**Directions for this task:** Starting with the line that contains "Casa de Condomínio" and stopping after the line that contains "Замок капота правый Mercedes X167 GLS 20-26", return each line below exactly as written, with no others.

**Provided material:**
━━━━━━
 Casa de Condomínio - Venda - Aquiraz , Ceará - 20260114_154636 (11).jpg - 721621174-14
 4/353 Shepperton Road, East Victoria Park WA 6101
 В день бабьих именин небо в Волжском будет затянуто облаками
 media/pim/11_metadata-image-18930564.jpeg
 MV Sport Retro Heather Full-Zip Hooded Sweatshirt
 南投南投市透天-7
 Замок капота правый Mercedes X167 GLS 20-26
━━━━━━
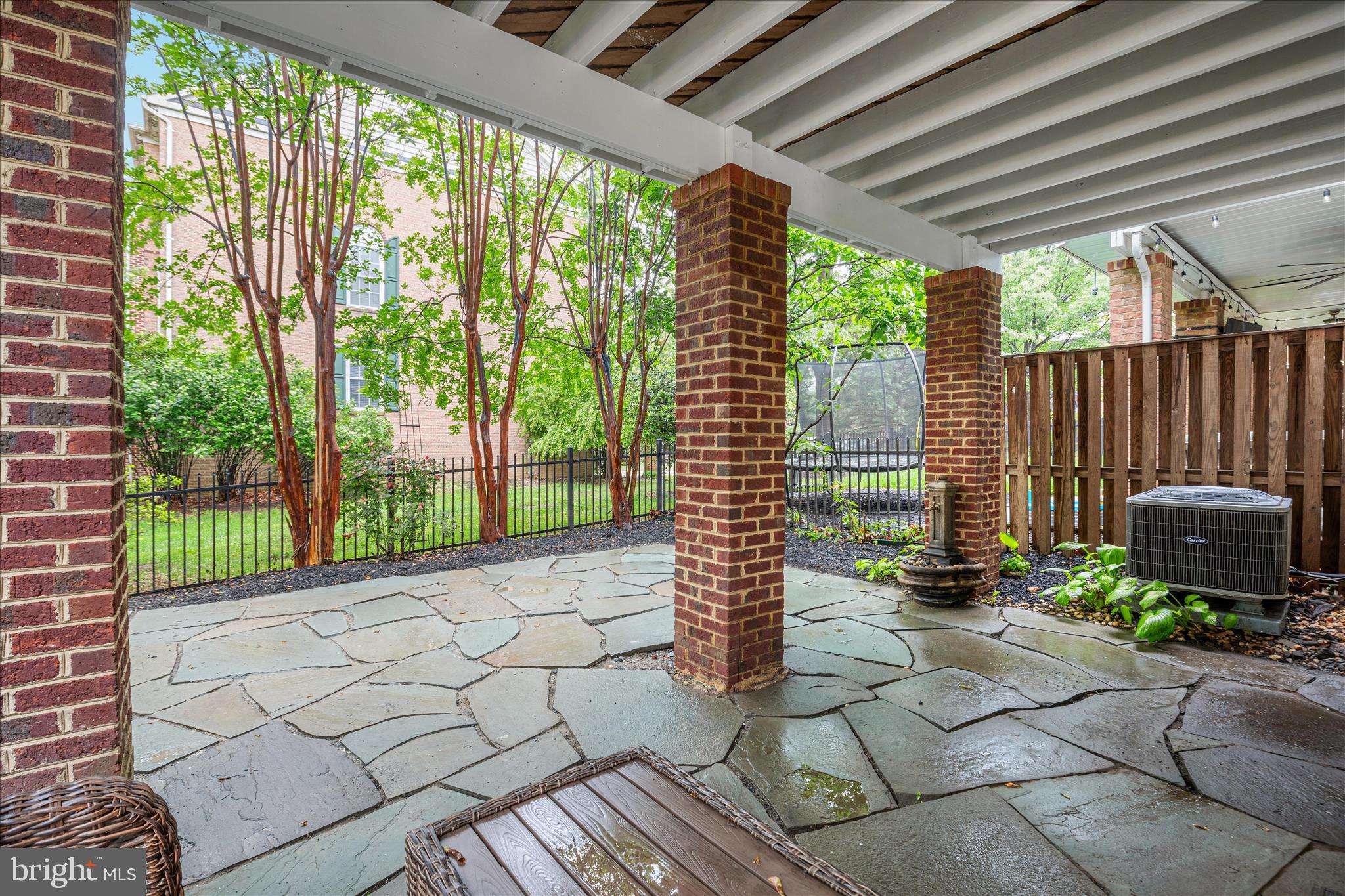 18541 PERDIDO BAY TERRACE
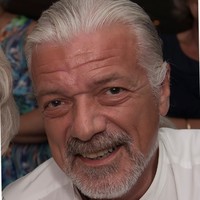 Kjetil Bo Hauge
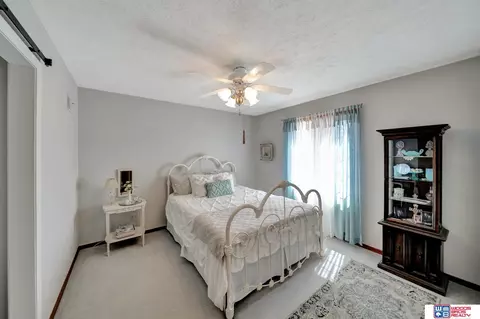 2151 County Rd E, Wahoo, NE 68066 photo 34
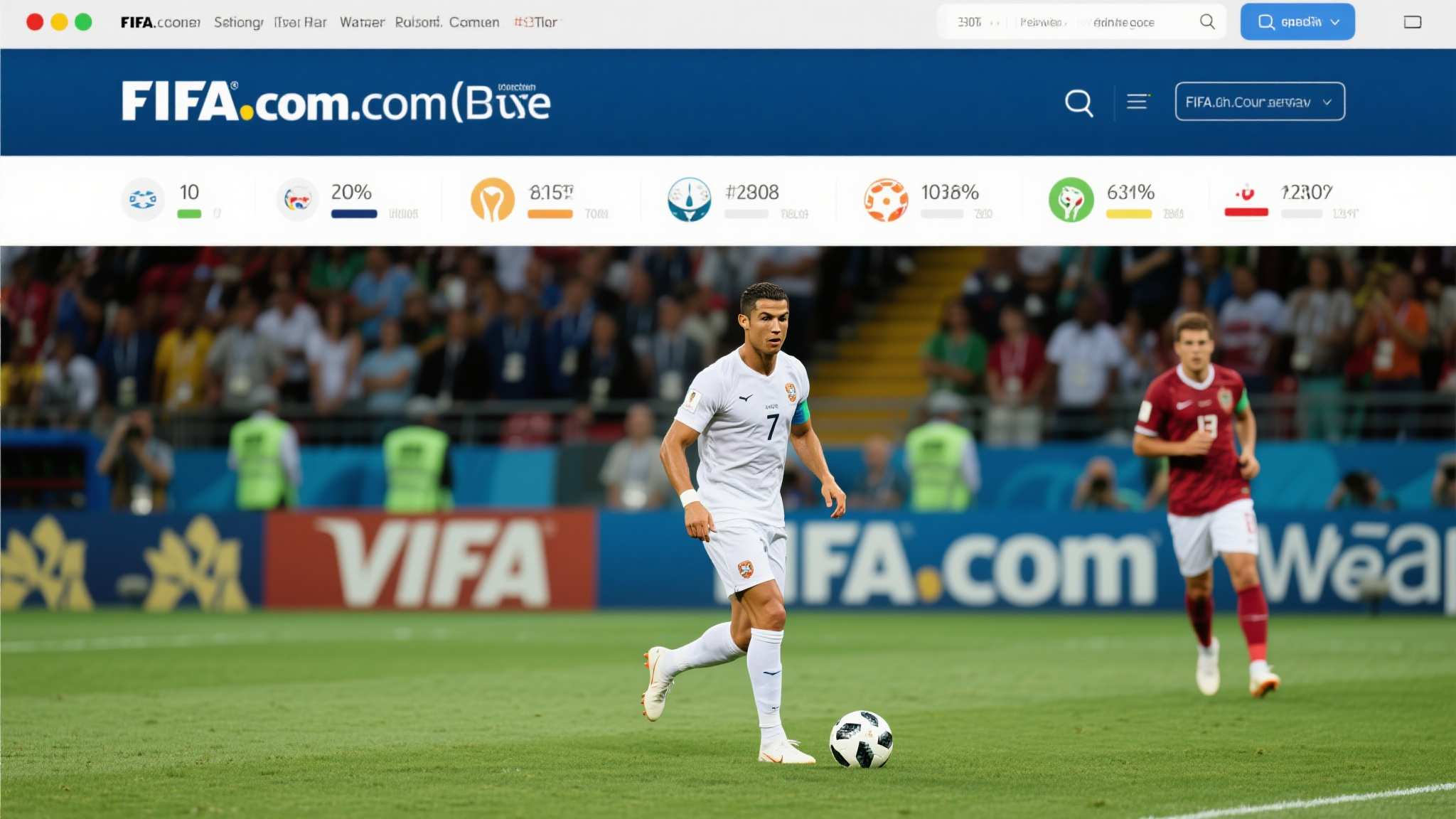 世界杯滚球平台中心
━━━━━━
**Result for this task:**
 Casa de Condomínio - Venda - Aquiraz , Ceará - 20260114_154636 (11).jpg - 721621174-14
 4/353 Shepperton Road, East Victoria Park WA 6101
 В день бабьих именин небо в Волжском будет затянуто облаками
 media/pim/11_metadata-image-18930564.jpeg
 MV Sport Retro Heather Full-Zip Hooded Sweatshirt
 南投南投市透天-7
 Замок капота правый Mercedes X167 GLS 20-26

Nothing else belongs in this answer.